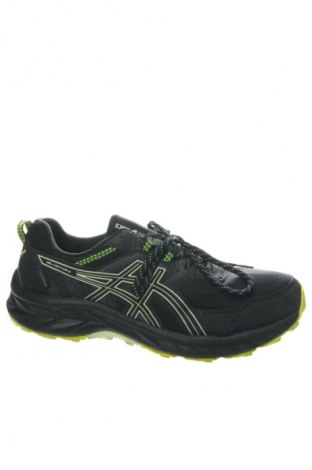Pánske topánky ASICS, Veľkosť 45, Farba Viacfarebná, Cena  65,95 €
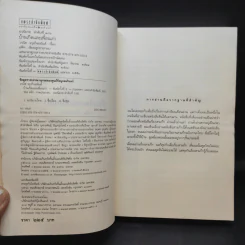 บ้านเกิดและเพื่อนเก่า - วานิช จรุงกิจอนันต์ รูปที่ 9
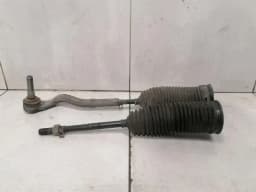 MERCEDES-BENZ Mercedes E Class W212 Steering Seal A2123302603 Tie Rod RIGHT M156 AMG E63 — thumbnail 1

··········

◆ **Task to carry out**:
Your answer must be an exact copy of the lines from the line with "บ้านเกิดและเพื่อนเก่า - วานิช" to the final line of the data, both ends included, and no pictures.

◆ **Exercise output**:
 บ้านเกิดและเพื่อนเก่า - วานิช จรุงกิจอนันต์ รูปที่ 9
 MERCEDES-BENZ Mercedes E Class W212 Steering Seal A2123302603 Tie Rod RIGHT M156 AMG E63 — thumbnail 1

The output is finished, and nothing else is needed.